Что делать с легендами

Итак, прежде всего нам следует собрать легенды воедино и совершенно открыто создать для всего человечества восхитительный запас религиозного фольклора. Освободившись от притворства и обмана, наше сознание способно унаследовать духовное достояние всех вероисповеданий. В Испании почитали бы китайских мудрецов, а в Китае — испанских святых великомучеников. Родитель того мальчишки из Ольстера, который по-детски влюбляется в деву Марию или бестактно выражает сомнение, каким образом был вечер и было утро первого дня творения, если Бог еще не успел сотворить солнце, не задал бы своему отпрыску изрядную взбучку, а купил бы ему сборник легенд разных народов о сотворении мира и богородицах и был бы донельзя доволен, видя, что мальчишке они столь же интересны, как игра в бабки или в сыщики-разбойники. Во всяком случае, это лучше, чем отбивать у ребенка благие чувства к религии и омрачать его ум внушениями, что пылкие почитатели пречистых дев, будь то в Парфеноне или в соборе святого Петра, — обреченные на геенну огненную язычники и идолопоклонники. Все очарование религии несут в мир сказочники и художники-творцы. Без их вымыслов религиозные истины были бы для большинства невразумительны и недоступны: учителя учительствовали и пророки пророчествовали бы всуе. Людей отвращает от вымыслов только злостное заблуждение, которое принимает вымысел за буквальную истину и религию целиком сводит к вымыслу.
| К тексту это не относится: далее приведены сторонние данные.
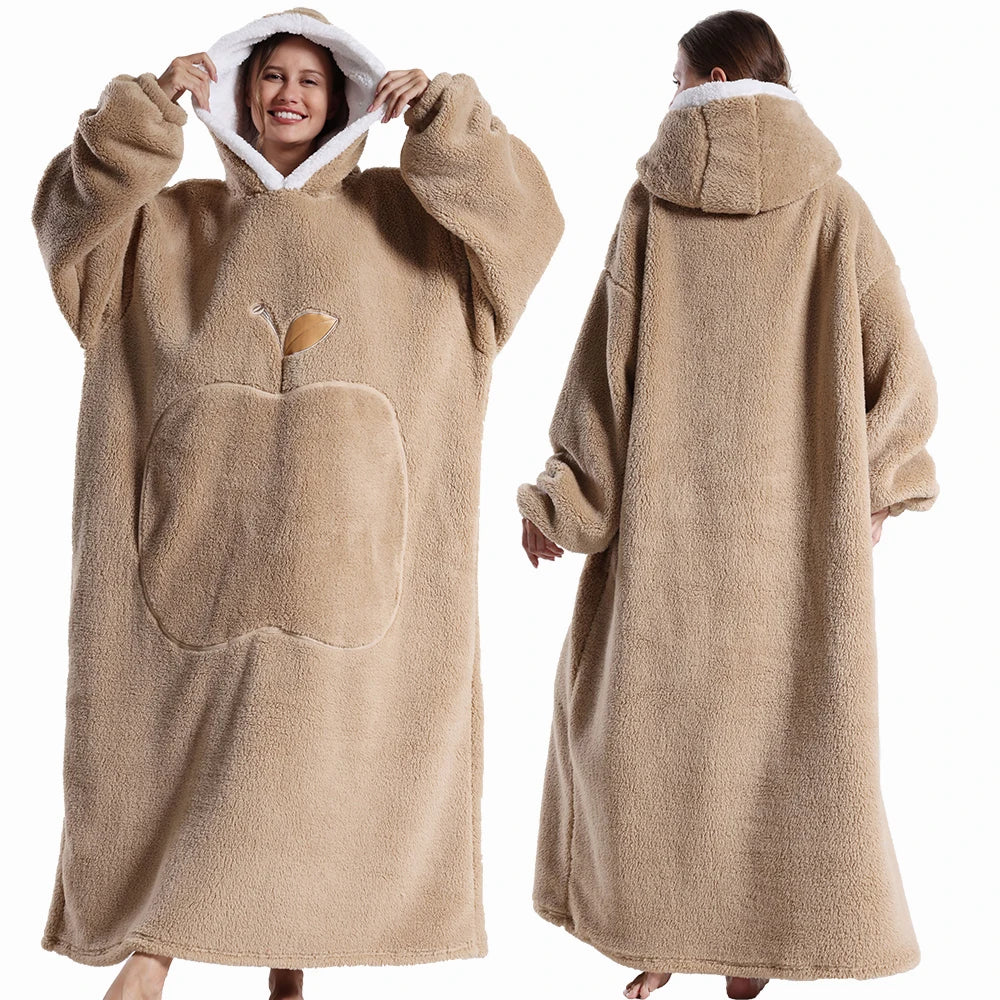 Oversized Wearable Fleece Blanket Hoodie with Sleeves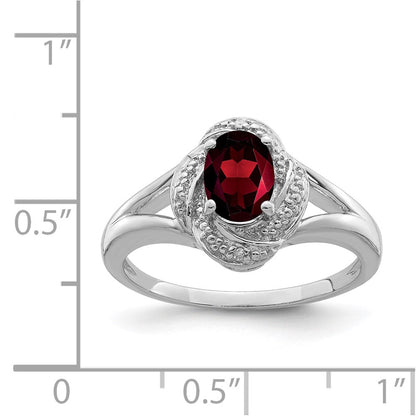 Sterling Silver Rhodium-plated Diamond u0026 Garnet Ring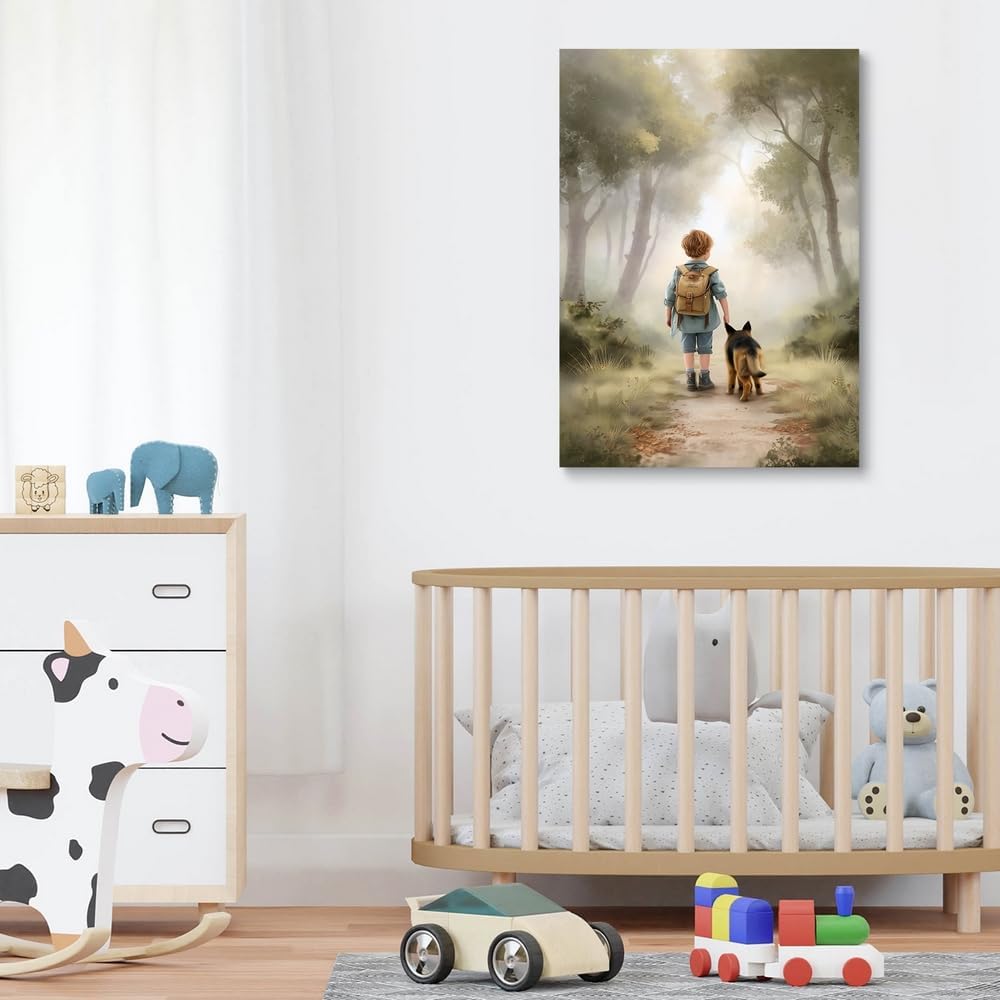 SKYSUKEY 16"x24" Boy and Dog Friend German Shepherd Dog Adventure Nursery Wall Decor, Outdoor Forest Nursery Wall Art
Урок, преподанный церкви наукой

Предложим церкви спросить у себя, почему никто не протестует против математических догм, тогда как против догматов церкви поднят настоящий бунт. Отнюдь не потому, что математические догмы более внятны. Бином Ньютона для заурядного человека столь же непостижим, как и учение о единосущности Бога-отца и Бога-сына Афанасия Александрийского{107}. Наука так же не свободна от легенд, ведовства, чудес и хвалебных жизнеописаний, в которых знахари-шарлатаны изображаются героями и святыми, а жалкие пройдохи — исследователями и первооткрывателями. Напротив, обширная иконография и агиология{108} науки по большей части достаточно неприглядна. Однако ни одному из изучающих науки не внушали, что понятие удельного веса сводится к вере в то, что Архимед{109} выскочил из ванны и побежал голым по улицам Сиракуз с криком «Эврика, эврика!» и что бином Ньютона следует отвергнуть, если будет доказано, что Ньютон никогда в жизни не сидел под яблоней. Когда какой-нибудь на редкость добросовестный и самостоятельно мыслящий бактериолог обнаруживает, что брошюры Дженнера{110} вполне могли быть написаны малограмотной, но пытливой и наблюдательной нянькой и уж никак не могут принадлежать человеку с хорошо тренированным умом научного склада, он не испытывает ощущения, что здание науки рухнуло и что оспы в природе вообще не существует. Впрочем, можно дойти и до этого, так как гигиена, пробивающая себе дорогу в качестве школьной дисциплины, преподается у нас из рук вон плохо и лицемерно — наряду с религией. Однако в области физики и математики чистота веры соблюдается неукоснительно, и там выбор между доказанными законами и легендами можно сделать в пользу законов, не навлекая на себя подозрения в ереси. Вот почему башня математика стоит незыблемо, в то время как храм священника сотрясается до основания.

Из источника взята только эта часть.